Importance of trained immunity in malaria
The “trained immunity” phenotype relates to a prime condition that increases reactivity of monocyte and macrophages to a secondary challenge after the first stimulus. This phenotype involves epigenetic modifications, metabolic remodeling or cytokine production. TLRs and other pattern recognition receptors are believed to help monocytes in developing a Plasmodium-specific memory.

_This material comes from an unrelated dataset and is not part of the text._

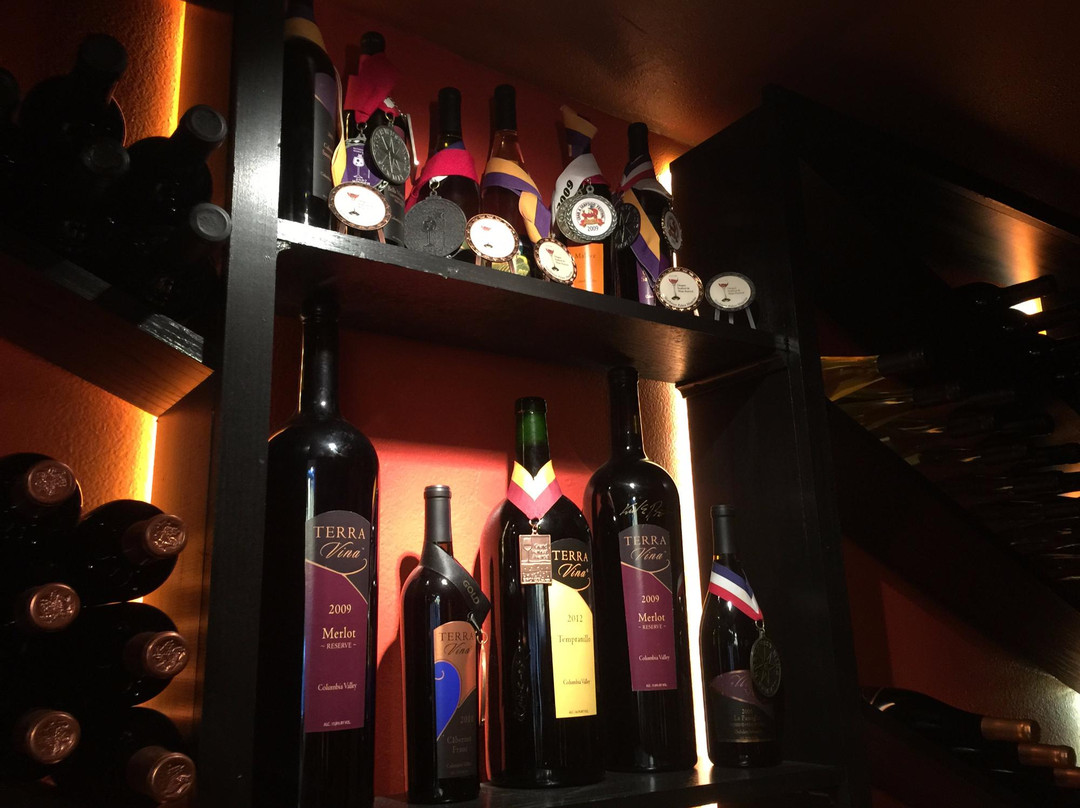 Terra Vina Wines景点图片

In humans, exposure of radiation-attenuated sporozoite elicits both antibody and T cell responses against sporozoite and blood-stage antigens and this protection has been associated with pluripotent effector memory T cells that produce IFN-γ, TNF-α and IL-2 that are targeted against liver rather than blood-stage antigens [69]. Jacob and colleagues found that following a secondary TLR ligand exposure, the malarial parasite and its crystal hemozoin may evoke trained immunity as indicated by inflammatory gene expression. Despite the fact that these two stimuli have comparable effects on the inflammatory transcriptome, the differential regulation of iRBC- and hemozoin-induced training by known trained immunity inhibitors suggests that the two stimuli have different training mechanisms.
Monocytes that have been “trained” or primed produce more proinflammatory cytokines when they are challenged to a secondary stimulus [70]. Recent studies have demonstrated a priming effect during P. falciparum infection on the innate immune system. McCall et al. reported stimulated TLR4 and TLR2/TLR1 responses during sub-patent blood-stage infection, which later normalized following curative treatment using an experimental human malaria model [71]. Furthermore, Franklin et al. showed that PBMCs from Brazilian adults with uncomplicated falciparum malaria had primed innate responses to numerous TLR ligands, including TLR4 and TLR2, and stronger proinflammatory cytokine responses than those seen in the experimental malaria volunteers who experienced reversed TLR responses after treatment [72]. Repeated clinical malaria infections may have a training effect on monocytes that lasts for several weeks. Increased extracellular heme and proinflammatory cytokines, such as IP-10, associated with mouse malaria models and human P. falciparum infections have also been reported to increase expression of TLRs, such as TLR4, on the surface of monocyte and macrophages and circulating endothelial progenitor cells [73].
Concluding remarks
Malaria remains a significant global health concern. Monocytes respond to malaria in many different ways, such as by phagocytosis, cytokine secretions and antigen presentation, which can be either protective or pathologic. With substantial phenotypic and functional variations among monocyte subsets, the mechanism of immune responses induced by monocytes remains complicated, and the interaction of the different possible responses is a key factor in deciding disease outcome. In future, it is necessary to focus on investigating how these monocytes are regulated differently depending on the disease severity and different Plasmodium species, the mechanisms involved in recognition of malaria and effects of disease on monocyte function. The knowledge obtained can be useful in the development of antimalarial therapy by modulating the function of monocytes in malaria, giving a new opportunity to develop novel therapeutic strategies.